What Are the Reasons for Receiving an Income Tax Notice After Buying Land?
Through multiple channels, the Income Tax Department of India receives data on property transactions. It includes the Annual Information Statement (AIS), banks, Sub-Registrar Offices, and Statement of Financial Transactions (SFT). Considering this, when you purchase land of above INR 30,00,000, it needs to be reported, and if the IT department finds something that does not add up, you receive a notice.
Furthermore, here are the most common reasons for receiving an Income Tax Notice after buying land in India
High-Value Transaction Reporting Under SFT
As mentioned earlier, specified property transactions exceeding prescribed thresholds are reportable by designated reporting entities, including the Sub-Registrar, under the SFT framework. This provision is stated under Section 285BA of the Income Tax Act. Further, this information is shown in your:
- Annual Information Statement (AIS)
- Form 26AS
- Taxpayer Information Summary (TIS)
This information is used by the system to compare and verify them against the details you have reported in your income tax return. A mismatch in this is one of the most common reasons why individuals receive a tax notice on property purchase in India.
For instance, if you purchase a land of INR 45,00,000 and your annual taxable income shows only INR 6,00,000. The system states it as a possible "source of fund mismatch."
NRIs need to take extra care of it. Funds remitted from overseas to purchase property in India should be documented properly. Additionally, the funding sources in the foreign country, the remittance trail, and FEMA compliance should be followed.
Source of Funds Not Matched to Declared Income
If the property investment is more than the income you have disclosed, under section 69 as a possible "unexplained investment," the tax department may question you about this. Additionally, you need to submit the following documents:
- Bank statements showcasing accumulated savings
- Gift deeds from relatives
- Loan sanction letters
- Inheritance documents
- Sale proceeds of gold, shares, or other property
If you resolve the matter with proper explanation and documentation, you avoid paying a penalty. If not, the respected amount may be treated as unexplained income. Additionally, with other applicable charges, it is taxed.
TDS Non-Compliance
TDS (Tax Deducted at Source) non-compliance is the most frequent reason for receiving a tax notice on land purchase. Under Section 194-IA, If the purchase value of the land is INR 50,00,000 or more, the buyer should:
- Deduct 1% TDS on the total sale purchase
- Deposit the deducted TDS amount using Form 26QB
- Issue Form 16B to the seller
Non-compliance can result in late filing fees, interest liability, and being treated as "assessee in default."
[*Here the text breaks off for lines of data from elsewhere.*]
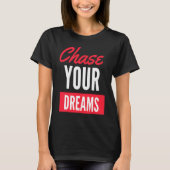 Chase Your Dreams with Determination and Style T-shirt (Voorkant)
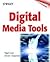 Digital Media Tools (02) by Chapman, Nigel - Chapman, Jenny [Paperback (2001)]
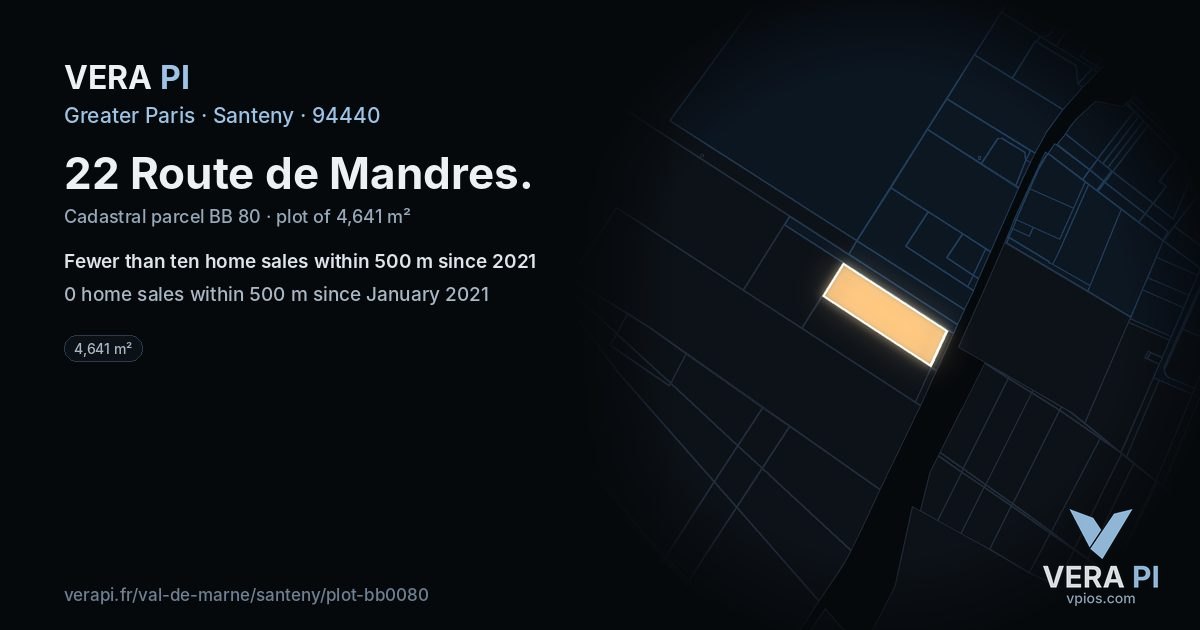 22 Route de Mandres, Santeny at night – the plot lit, the parcels around coloured by the prices near them
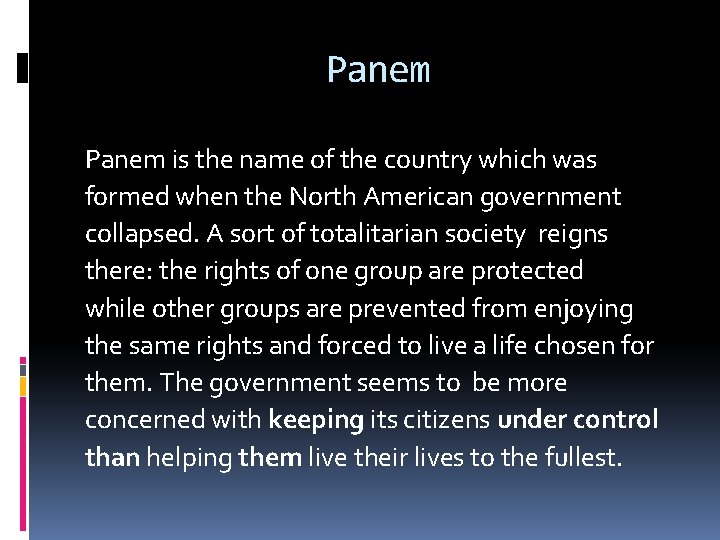 Panem is the name of the country which was formed when the North American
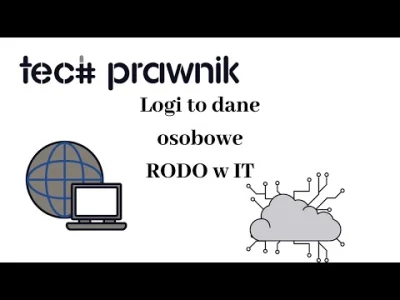 TechPrawnik - Logi to dane osobowe, tak samo jak adres MAC. 

Burza w komentarzach ...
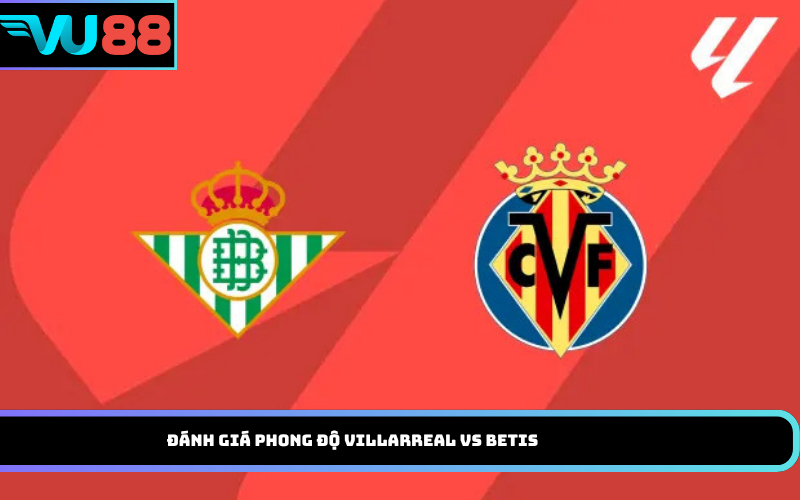 Đánh giá phong độ Villarreal vs Betis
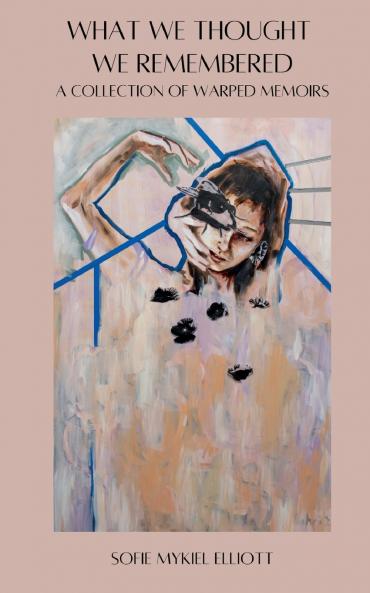 What We Thought We Remembered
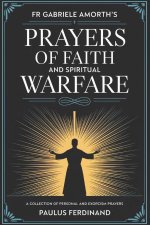 Fr Gabriele Amorth's Prayers of Faith and Spiritual Warfare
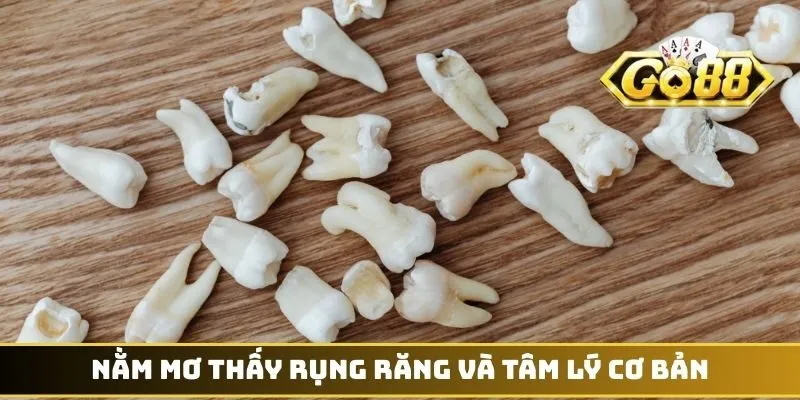 Nằm mơ thấy rụng răng và tâm lý cơ bản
*Note: If you purchase land from an NRI, Under Section 195, the tax rules are different for it. Considering this, the buyer needs to deduct TDS and file Form 27Q. In case the buyer mistakenly instead of Form 27Q files Form 26QB, the seller does not receive the correct tax credit. This further led to notices being given to both parties.
Undervaluation Compared to Stamp Duty Value
In India, every property has a government-determined stamp duty circle rate or value. Considering this, if the purchase price of your declared property is less than the stamp duty value, the difference between them can be taxed as:
- For Sellers: While calculating capital gains, section 50C may be applied.
- For Buyers: Under section 56(2)(x), the additional amount may be stated as "Income from Other Sources."
If the difference between them is more than the permitted safe harbor limit, i.e., 10%, you may receive a tax notice for clarification. This rule helps in the prevention of property undervaluation and avoids unaccounted cash transactions in land purchases.
Cash Component in Buying Property
Large cash deposits before and after land purchase also draw scrutiny, specifically if:
- Banking trail is not clear.
- The deposit does not match the stated income.
- To avoid reporting limits, deposits are divided into smaller amounts.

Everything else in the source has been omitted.